The following example shows how to use table-level and column-level compression in Firebolt. Step 1: Create and populate table with default compression Create a base table without custom compression and insert 10000 identical rows into it.
CREATE TABLE table_default_compression (a int, b int, c string, d string);
-- insert 10000 rows
INSERT INTO table_default_compression SELECT 1, 2, 'Lorem ipsum dolor sit amet, consectetur adipiscing elit.', 'In dapibus metus quis velit mattis dignissim.' FROM GENERATE_SERIES(1,10000) ;
Step 2: Apply table-level compression Create a table that applies ZSTD compression at level 1 to all columns via table-level setting.

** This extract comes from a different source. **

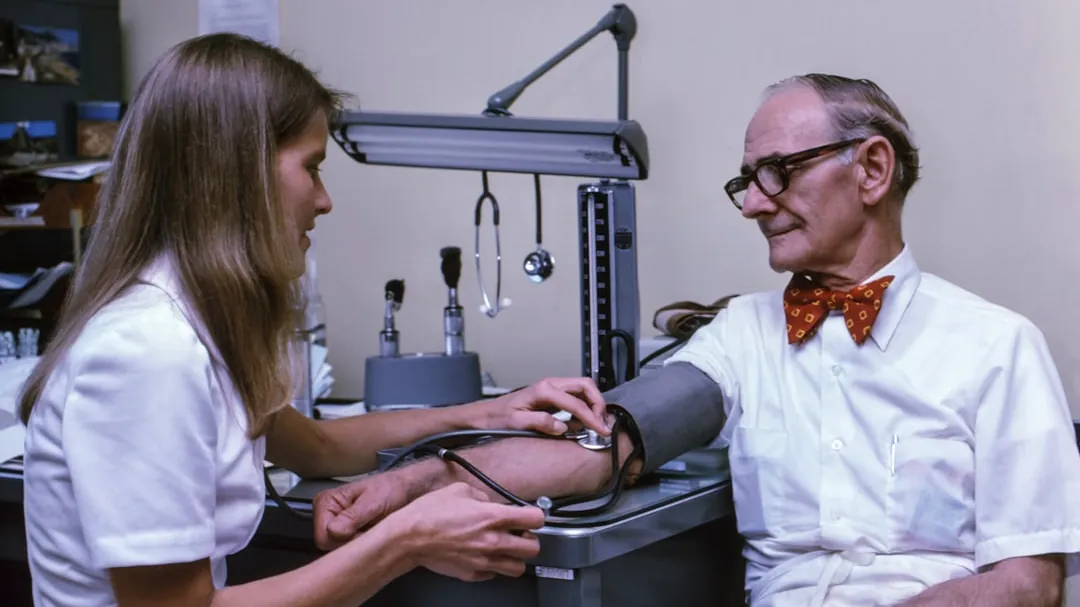 a doctor examining a patient's ankle with a stethoscope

This example uses ZSTD with compression level 1. You can use a higher compression level to achieve better compression at the cost of increased CPU usage. However, ZSTD compression levels higher than 3 typically reach the point of diminishing returns.
CREATE TABLE table_zstd1(a int, b int, c string, d string) WITH (COMPRESSION = zstd, COMPRESSION_LEVEL = 1);
Step 3: Apply column-level compression Create tables that apply ZSTD compression at level 1 to different sets of columns:
CREATE TABLE table_c_column_zstd1(a int, b int, c string COMPRESSION zstd COMPRESSION_LEVEL 1, d string);
CREATE TABLE table_c_d_column_zstd1(a int, b int, c string COMPRESSION zstd COMPRESSION_LEVEL 1, d string COMPRESSION zstd COMPRESSION_LEVEL 1);
Step 4: Insert the data Insert data into these tables from the table_default_compression table:
INSERT INTO table_zstd1 SELECT * FROM table_default_compression;
INSERT INTO table_c_column_zstd1 SELECT * FROM table_default_compression;
INSERT INTO table_c_d_column_zstd1 SELECT * FROM table_default_compression;
Step 5: Compare compression results Check the compression ratios of the tables:
SELECT
	table_name, ROUND(uncompressed_bytes::DOUBLE / compressed_bytes, 1) as compression_ratio, compressed_bytes
FROM information_schema.tables
WHERE
	table_name IN ('table_default_compression', 'table_zstd1', 'table_c_column_zstd1', 'table_c_d_column_zstd1')
ORDER BY table_name;
table_namecompression_ratiocompressed_bytes
table_c_column_zstd1449.42559
table_c_d_column_zstd11505.2764
table_default_compression2414772
table_zstd12948.7780
As demonstrated in these examples, column-level compression significantly reduces storage for specific columns. ZSTD typically offers higher compression efficiency compared to the default LZ4.